Gün batıyor, akşamın esintisi günün yorgunluğu ile omuzlarına ağırlığını bırakıyor. Bahçe kapısını aralayıp ahşap merdivenlerden ağır adımlarla çıkıyor, evin kapısını açıp derin bir nefes ile kalabalık bir günü daha ardında bırakıyor.

Müziğin notalarında kaybolmak, kitap sahifelerinin kokusu koynunda çayını yudumlamak!

An gelir derin bir sessizlik kaplar zamanı, ne sohbetin hatırı ne çayın tadı kalır. İnceden  düşünmek payına düşen. Dalarsın gecenin deminde, sabahın seherinde! Kırık dökük cümleler saçılmış sere serpe yüreğine.

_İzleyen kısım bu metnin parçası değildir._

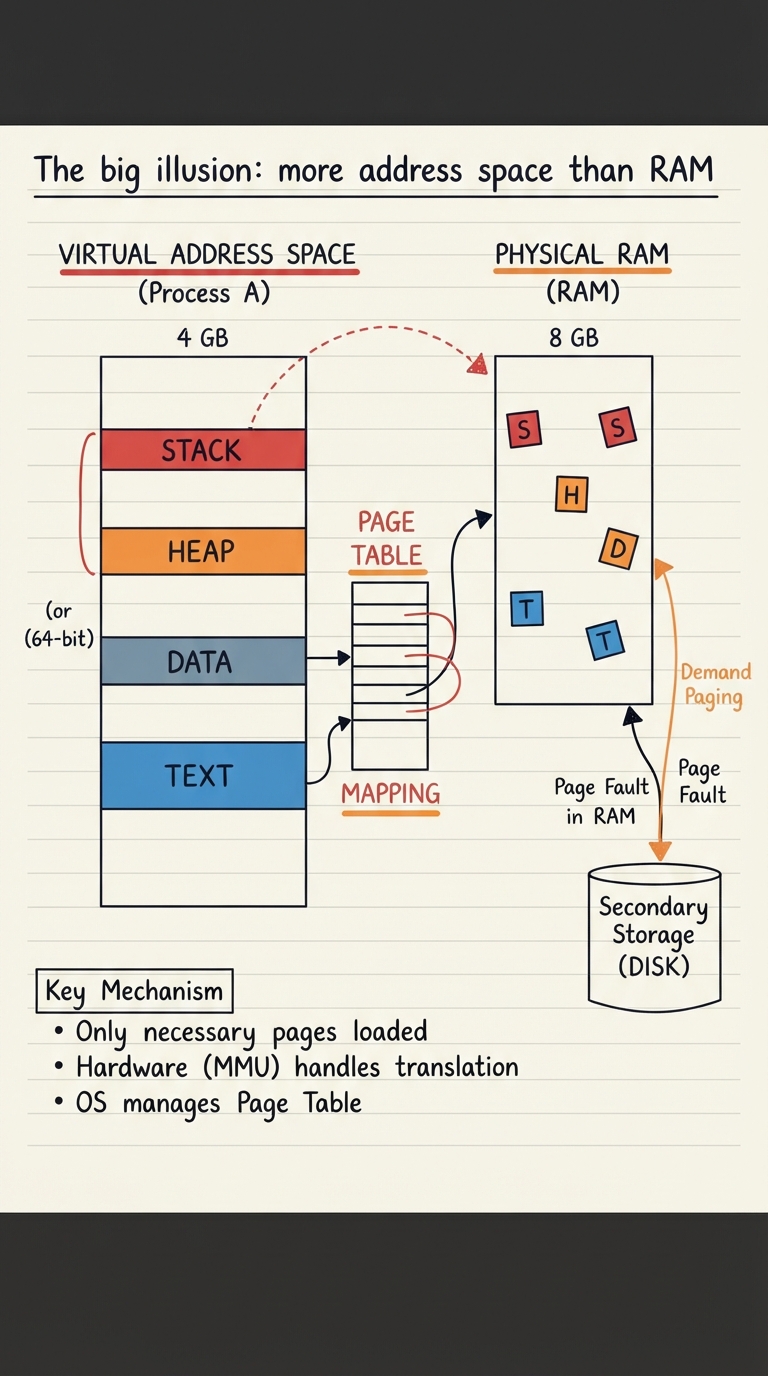 Handwritten A4 diagram: a single process's virtual address space drawn as a tall column of pages numbered 0..N; arrows fan out to two destinations — a small "RAM (frames)" box holding only a handful of the pages (marked present), and a larger "disk / swap (backing store)" box holding the rest (marked not-present). A caption reads "the process sees the whole column; only the shaded pages are really in RAM right now". A padlock note reminds that each process gets its own private column.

Özgürlük serenatları haykırıyor geceye, aldatmasın bu haykırışlar. Özgürlüğünü çarmıha germiş haberi yok! Ne selama ne kelama yakın! Yakamozun gölgesinde özgürlük çağırıyorken O prangalar ile kadeh kaldırıyor heyhat!

Ne muazzam bir tezat!

Ruhunu daraltan serenatlara inat bitmeyen bir heyecan yüreğinde. Çatlamış dudaklardan dökülen bir “merhaba” ne kadar heyecan verebilir ki? Ne kadarsa o kadar! Güneşi selama sığdıranlar bitmesin.

Sevgilerimle.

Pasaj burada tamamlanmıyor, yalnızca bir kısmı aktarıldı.